In one scene, Alexandros and the boy, who remains unnamed throughout the film, are on a bus journey when they come across the poet Solomos (Fabrizio Bentivoglio), who recites verses from this poem <Η ημέρα της Λαμπρής> (‘The Easter Day’), with the opening line: «Καθαρότατον ήλιο επρομηνούσε ...»

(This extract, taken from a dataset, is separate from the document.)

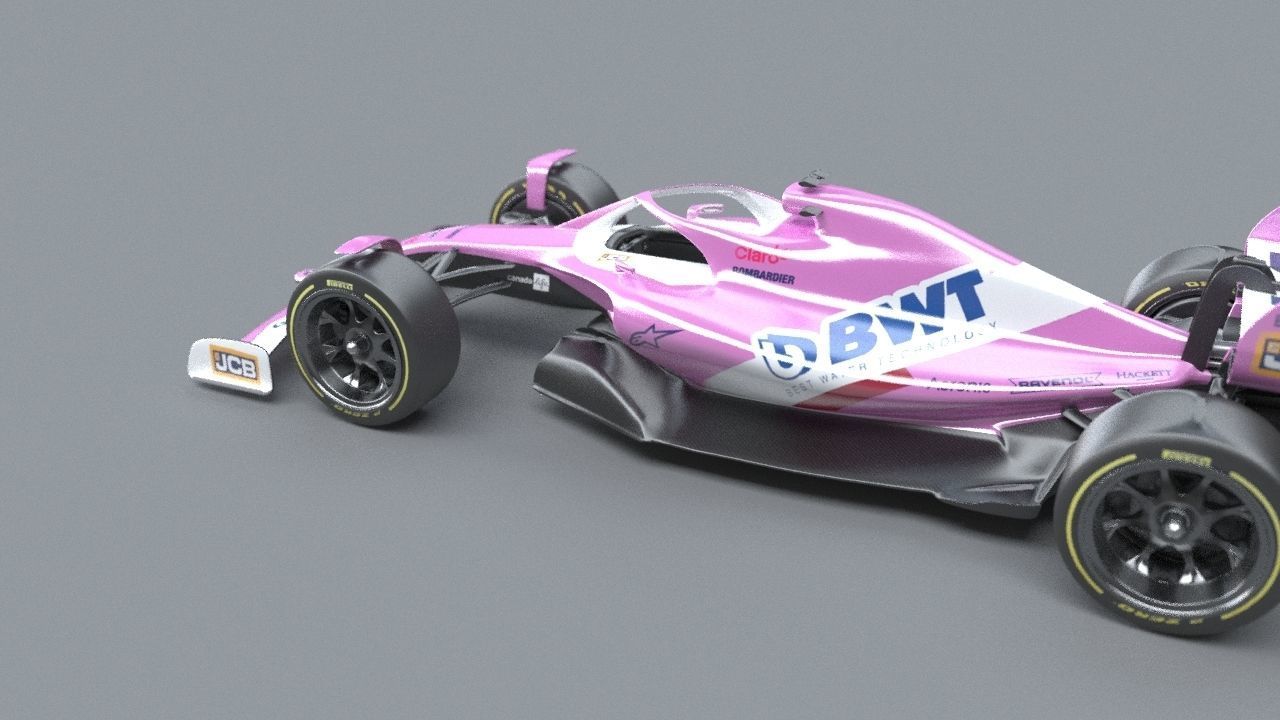 BWT Racing Point Formula One Team concept 2021-2023 Low-poly 3D model_17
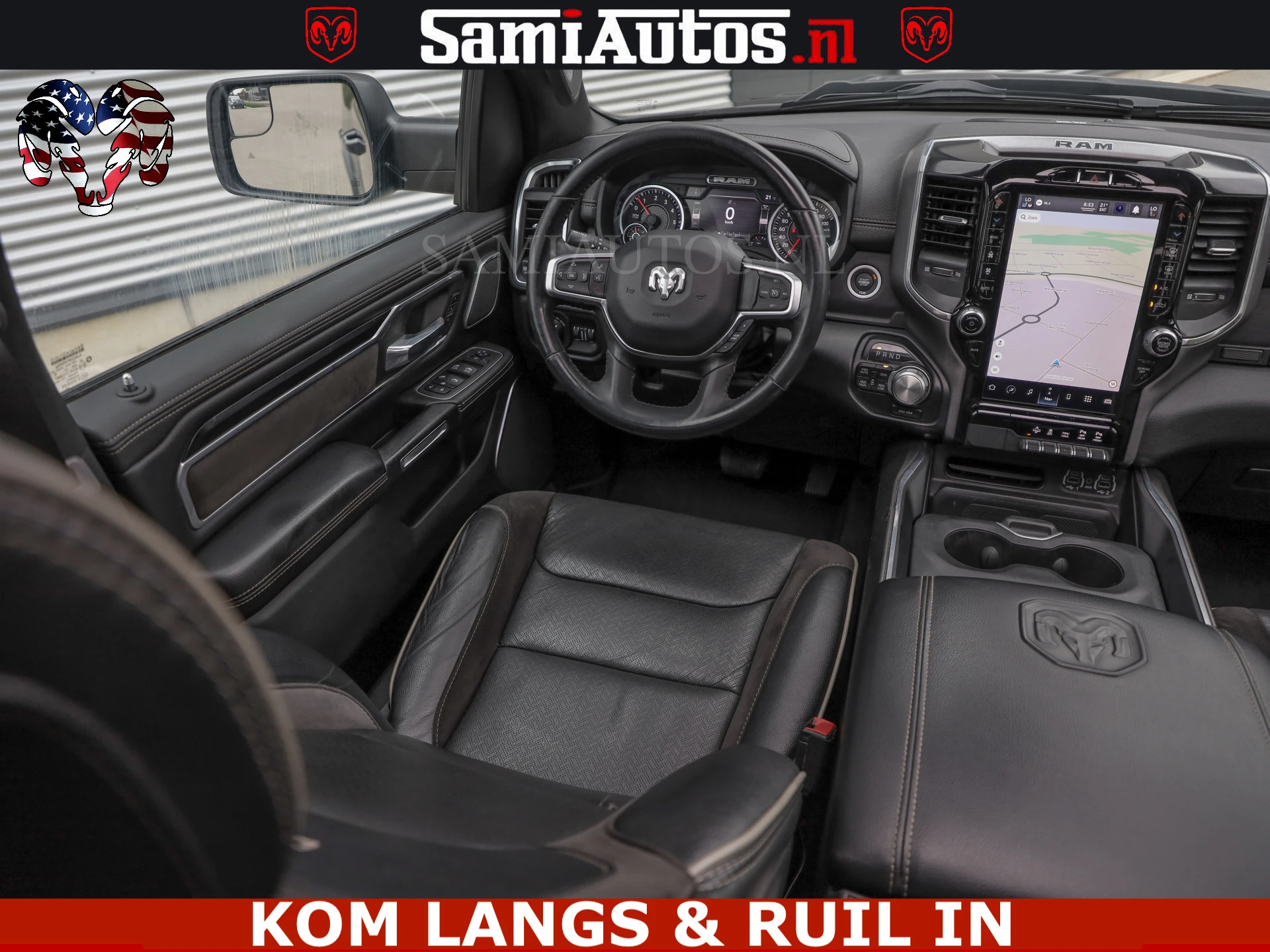 Dodge Ram Pick-Up 2023 - SPORT LARAMIE 5.7 V8 HEMI | LUCHTVERING | 2023 | PANODAK | GROOTSCHERM | DC | TOP KLEUR GRANITE | afbeelding 4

Solomos (1798-1857) was born on the Greek island of Zakynthos, to an elderly count and his teenaged housekeeper. Solomos was educated in Italy, where he studied law and literature, but on returning to Greece he relearned Greek, and decided to write in demotic, or common modern, Greek. He gained fame early on with his ‘Hymn to Liberty’ (1823), a 158‐quatrain poem – the first two stanzas are sung as the Greek national anthem.

However, Solomos became more and more obsessed with perfection and he left many poems unfinished, including ‘The Free Besieged.’

The ‘White Tower’ ... the symbol of Thessaloniki (Photograph: Patrick Comerford, 2011)

During the bus journey the dying Alexandros and the boy take through Thessaloniki, the poet Solomos gets on the bus. He sits across from Alexandros and the boy, and recites his unfinished poem, ‘The Easter Day.’ When Solomos gets to the unfinished last line of the poem, “Sweet is the life ... and, ...” he repeats these first few words and is unable to complete the line. As he leaves the bus, Alexandros asks: “Tomorrow, how long does it last?”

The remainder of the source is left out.